### GIVEN ENTRIES

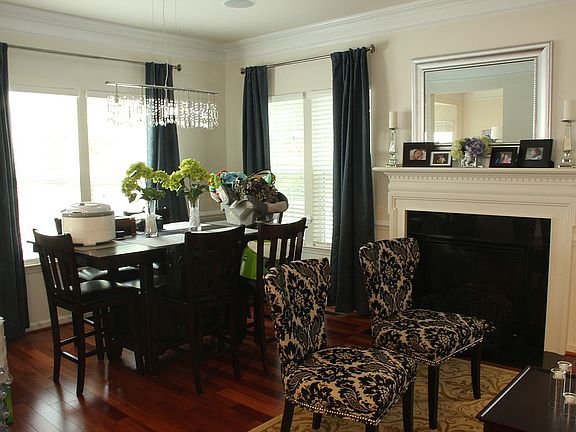 Dining Room / Sunroom Area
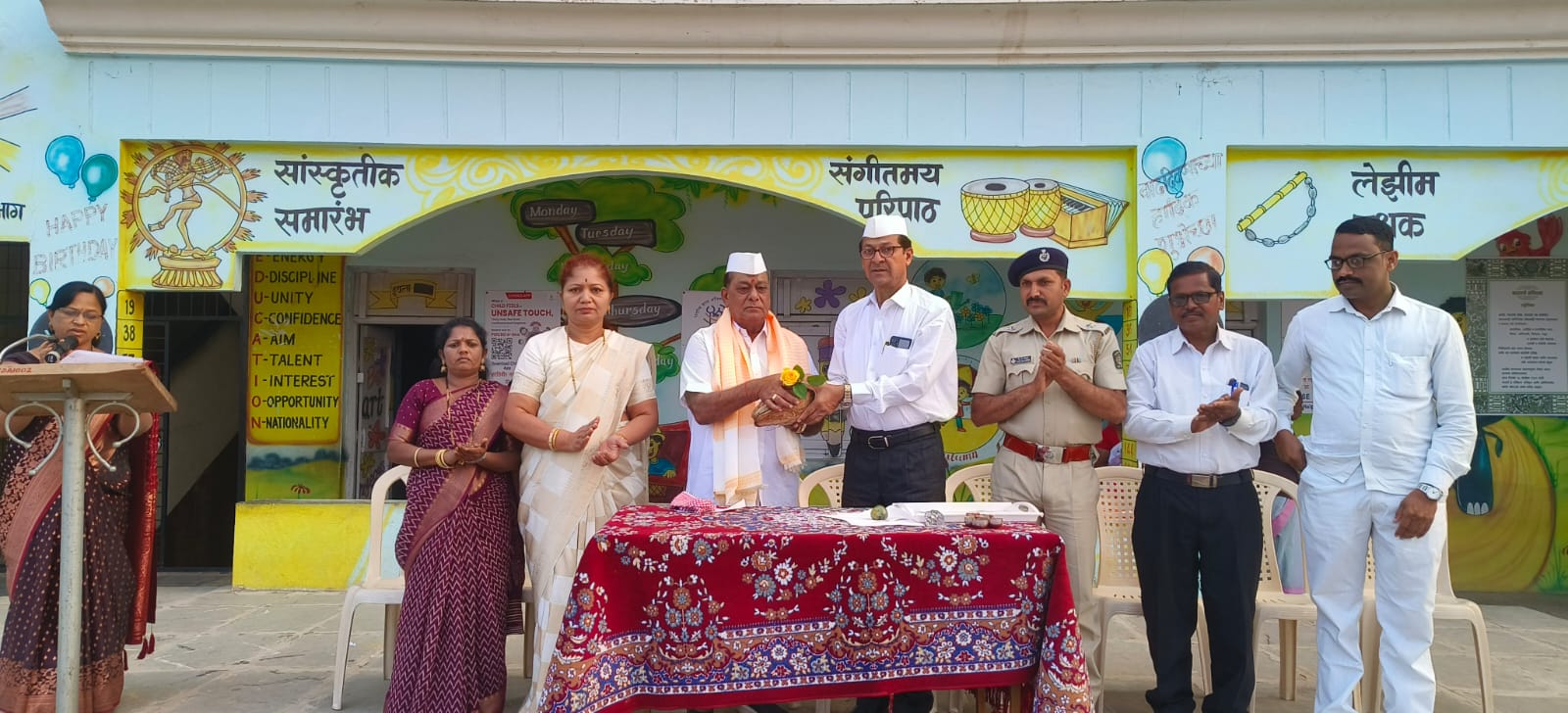 क्रांतिवीर संकुलात प्रजासत्ताक दिन उत्साहात साजरा.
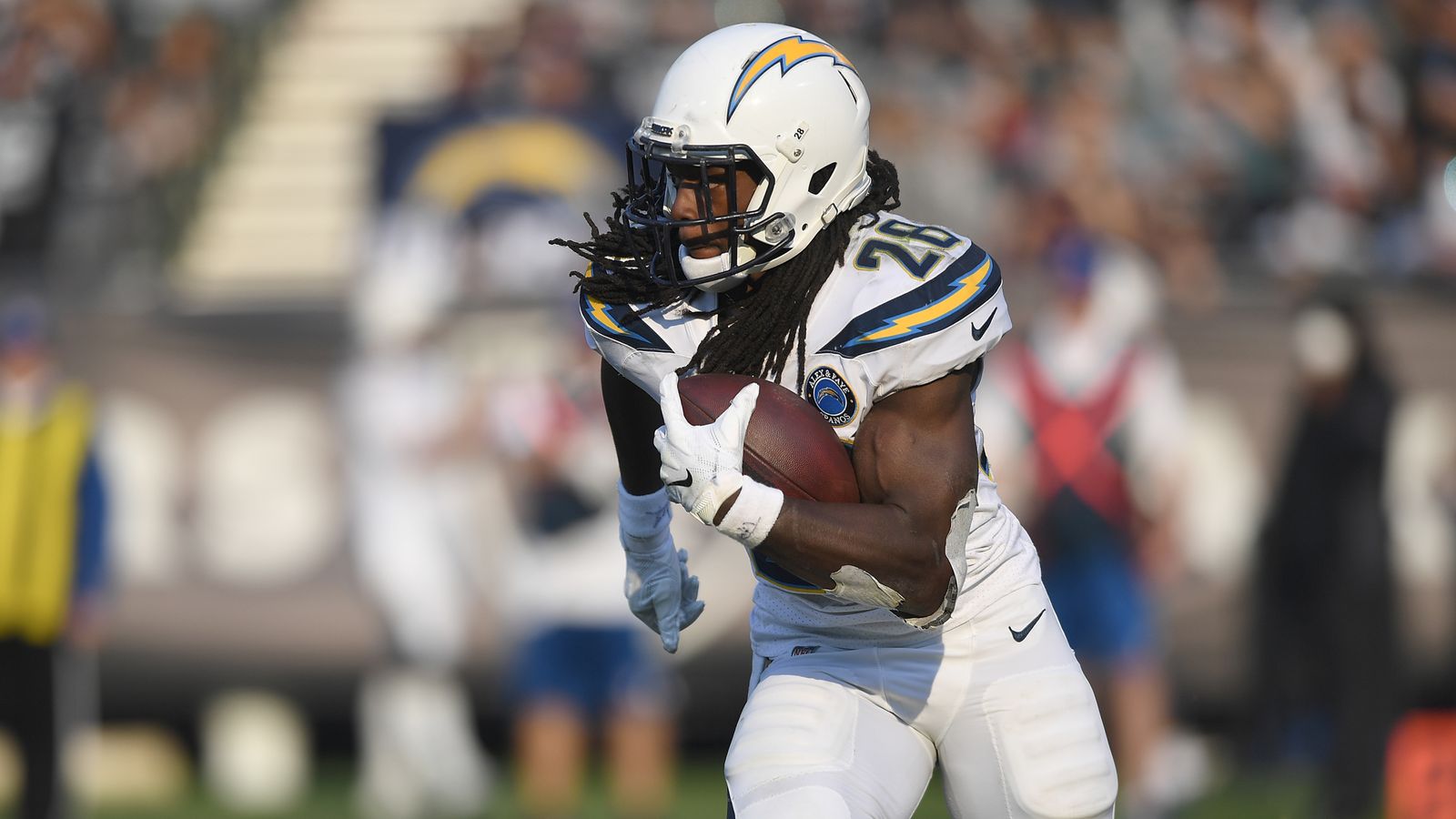 Chargers report: Melvin Gordon not healthy enough to face Chiefs, leaving  rookie Justin Jackson as No. 1 back - Los Angeles Times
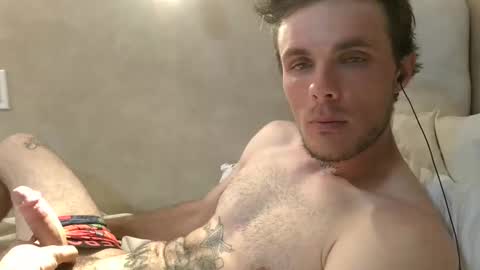 Snapshot of dylp400 chatting on 02.13.25 dylp400 online show from 02.13.25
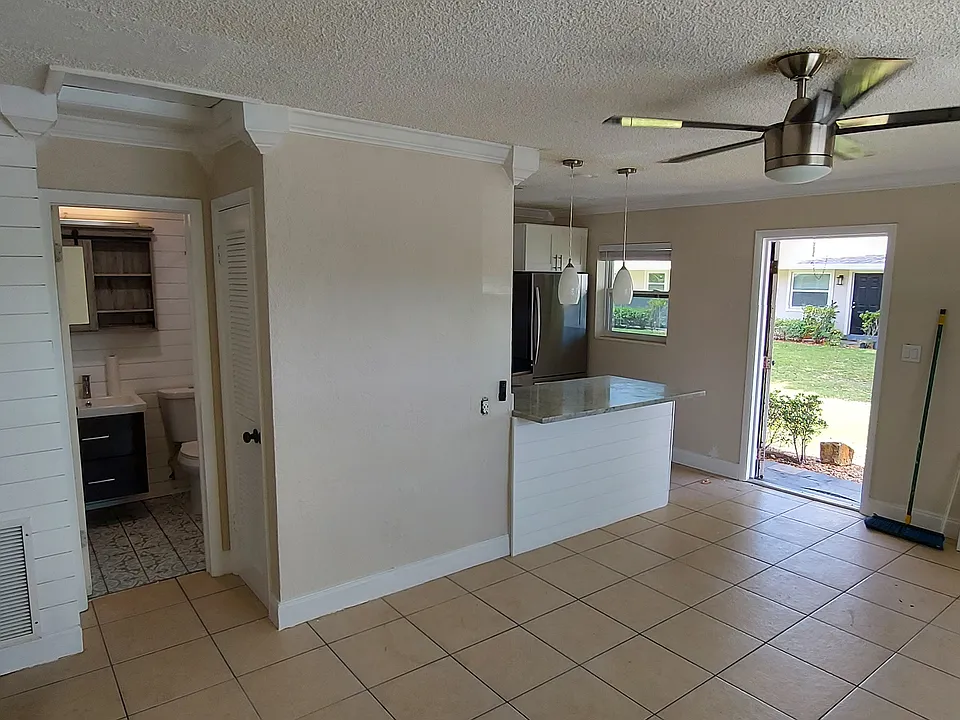 1407 Holly Heights Dr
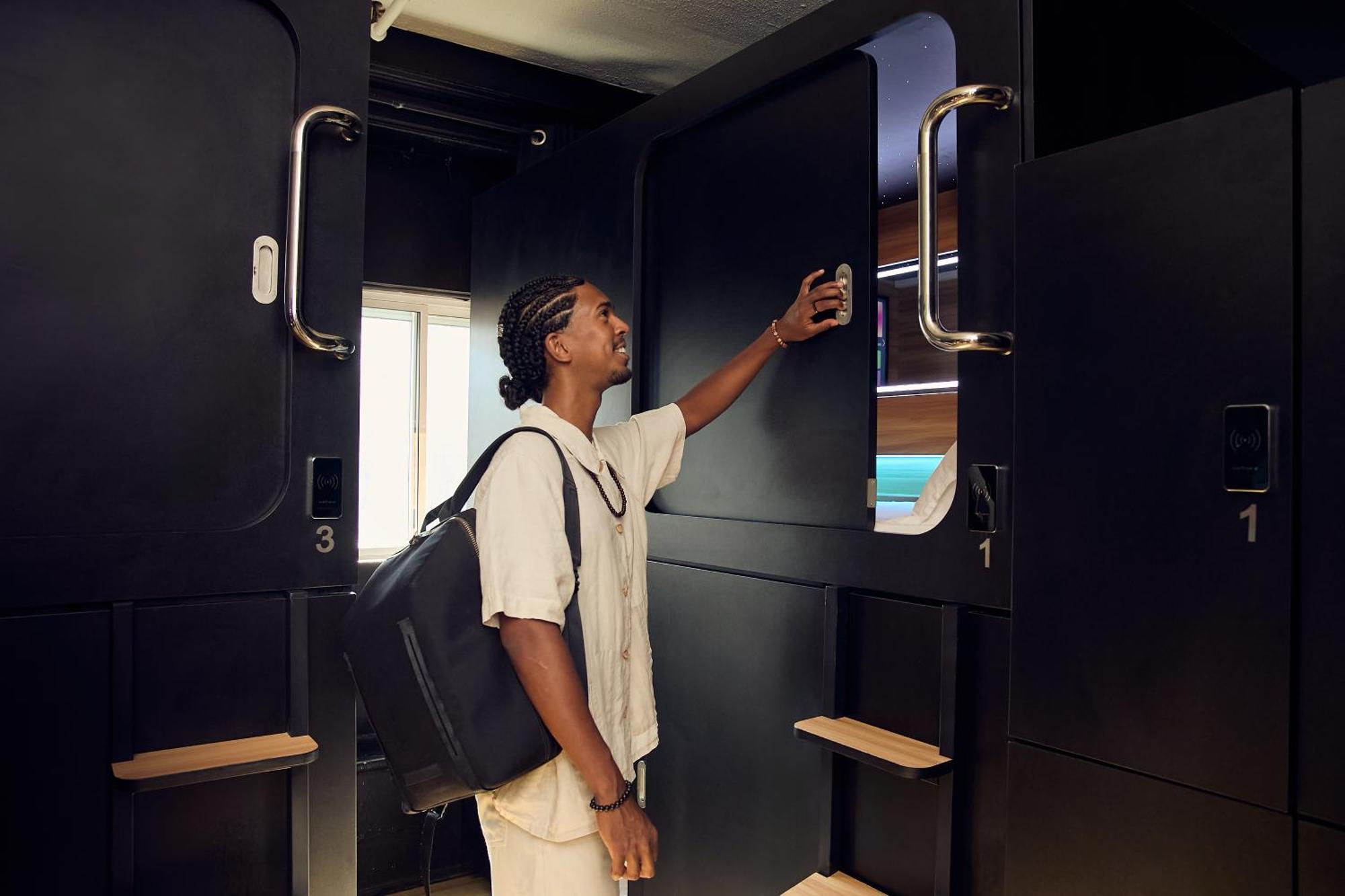 Capsule Hotel Μόντρεαλ Εξωτερικό φωτογραφία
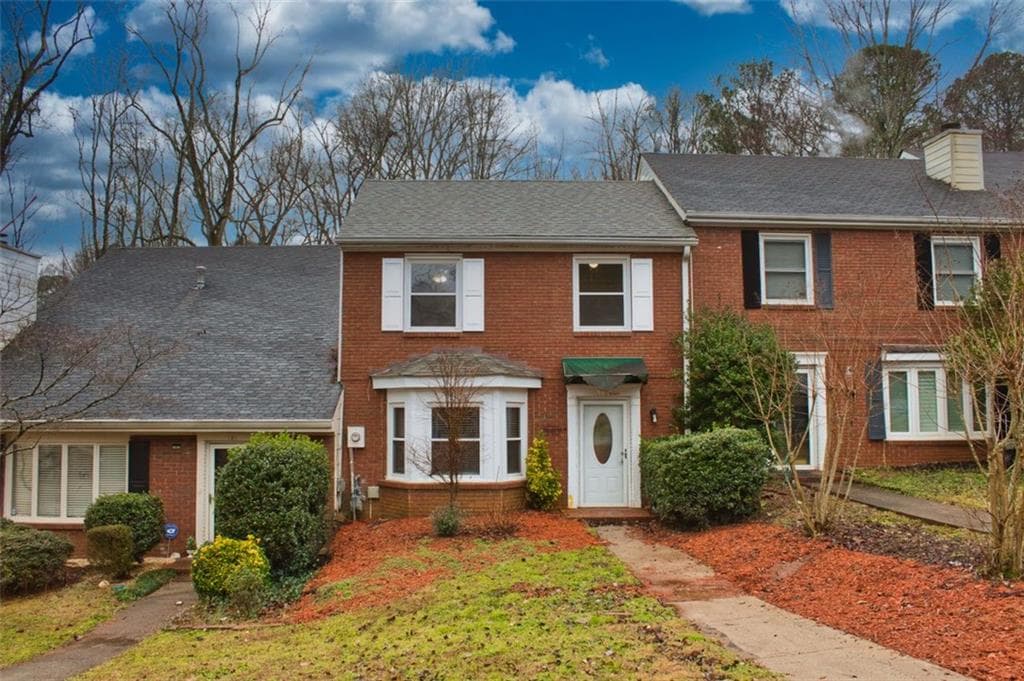 3 bedroom, 2 bathroom, 1,743 sq ft townhouse sold at 153 Willow Stream Court, Roswell, GA 30076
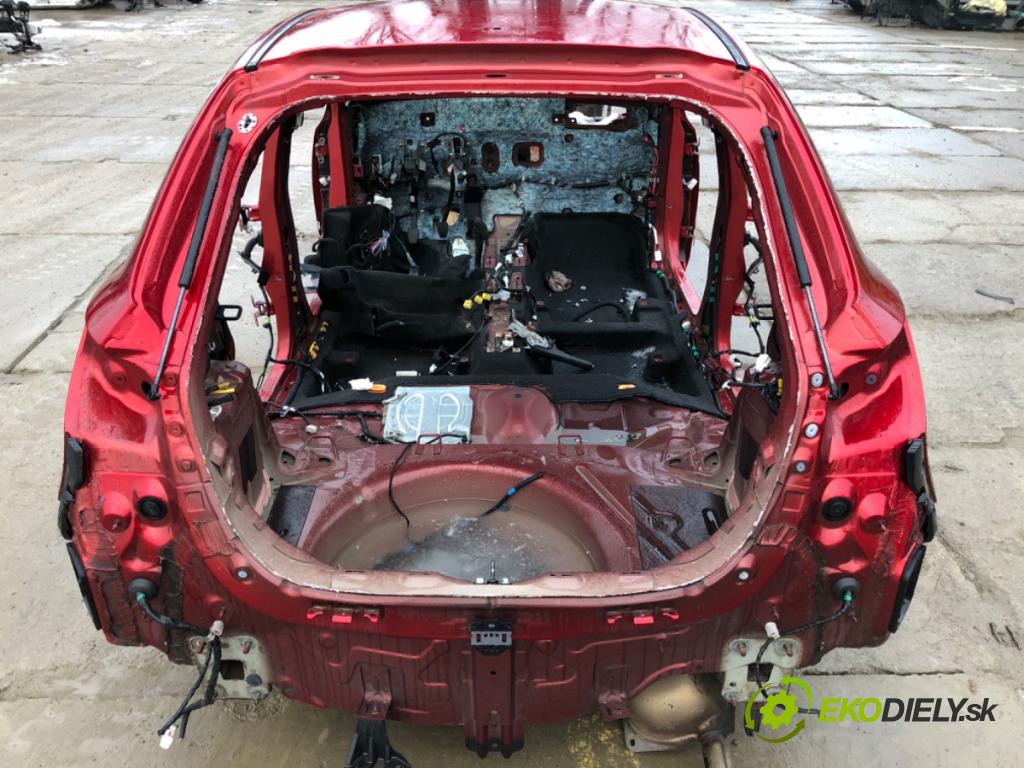 MAZDA 2 (DL, DJ) 2014 - 2022    1.5 SKYACTIV-G (DJLFS) 85 kW [115 KM] benzyna 2014 - 2022  KAROSERIA ČTVRŤÁK blatník zadní část levý pravý POŠTY: prahy střecha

######

* [AIM OF THE EXERCISE]: Your task is to set down every entry exactly, leaving out any picture it contains.

* [SOLUTION]:
 Dining Room / Sunroom Area
 क्रांतिवीर संकुलात प्रजासत्ताक दिन उत्साहात साजरा.
 Chargers report: Melvin Gordon not healthy enough to face Chiefs, leaving  rookie Justin Jackson as No. 1 back - Los Angeles Times
 Snapshot of dylp400 chatting on 02.13.25 dylp400 online show from 02.13.25
 1407 Holly Heights Dr
 Capsule Hotel Μόντρεαλ Εξωτερικό φωτογραφία
 3 bedroom, 2 bathroom, 1,743 sq ft townhouse sold at 153 Willow Stream Court, Roswell, GA 30076
 MAZDA 2 (DL, DJ) 2014 - 2022    1.5 SKYACTIV-G (DJLFS) 85 kW [115 KM] benzyna 2014 - 2022  KAROSERIA ČTVRŤÁK blatník zadní část levý pravý POŠTY: prahy střecha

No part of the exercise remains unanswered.